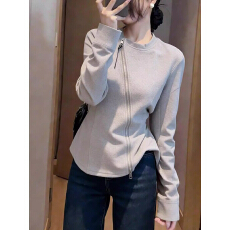 批发休闲风设计感独特漂亮灰色圆领拉链<b class='q'>卫衣</b>女收腰显瘦通勤风<b class='q'>长袖</b>上衣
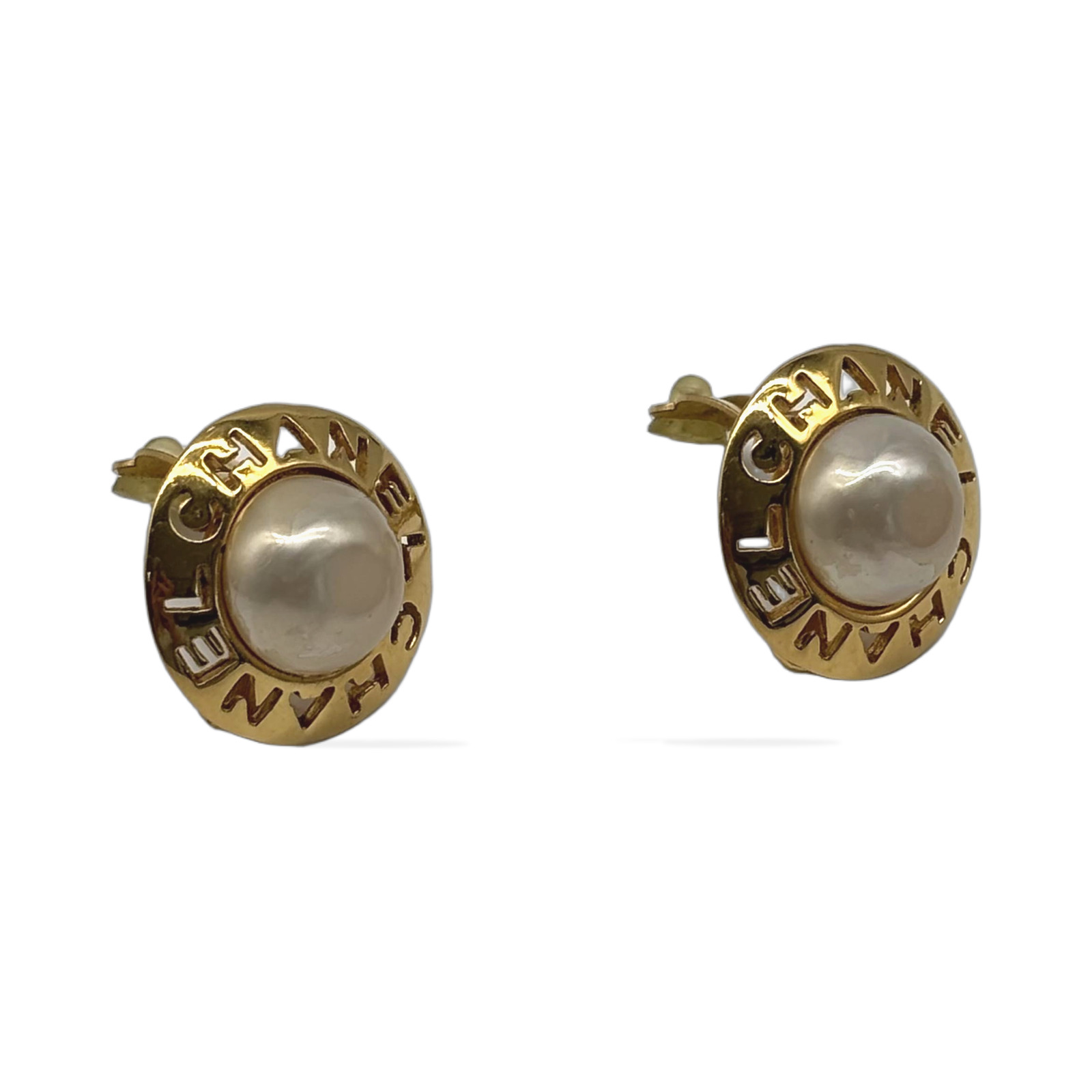 Chanel Gold Plated Faux Pearl Logo Clip-on Earrings photo 4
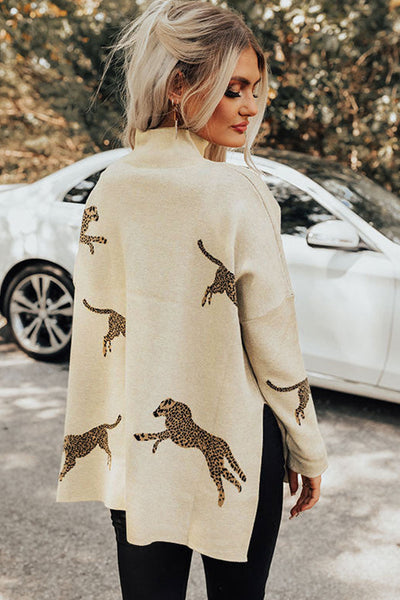 Trendy Women's Parchment Cheetah Print High Neck Sweater with Split Hem - Stylish Casual Knit for Everyday Wear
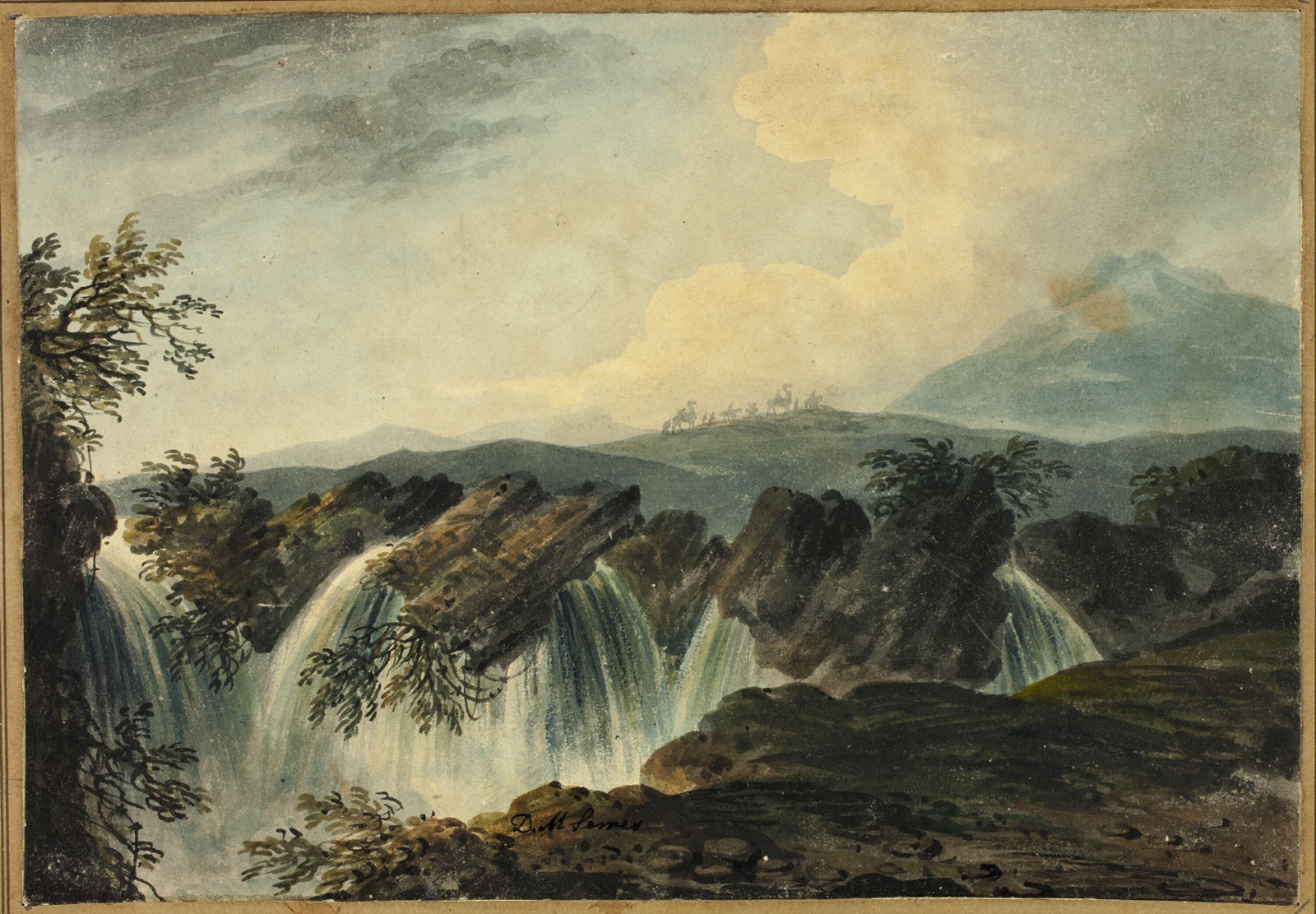 Camel Caravan Crossing Plane Above Waterfall — Dominic Serres; English, 1722-1793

· · · ·

Your task is to retype exactly the lines that run from the line with "Chanel Gold Plated" through the last line of the material, with the pictures left out.

 Chanel Gold Plated Faux Pearl Logo Clip-on Earrings photo 4
 Trendy Women's Parchment Cheetah Print High Neck Sweater with Split Hem - Stylish Casual Knit for Everyday Wear
 Camel Caravan Crossing Plane Above Waterfall — Dominic Serres; English, 1722-1793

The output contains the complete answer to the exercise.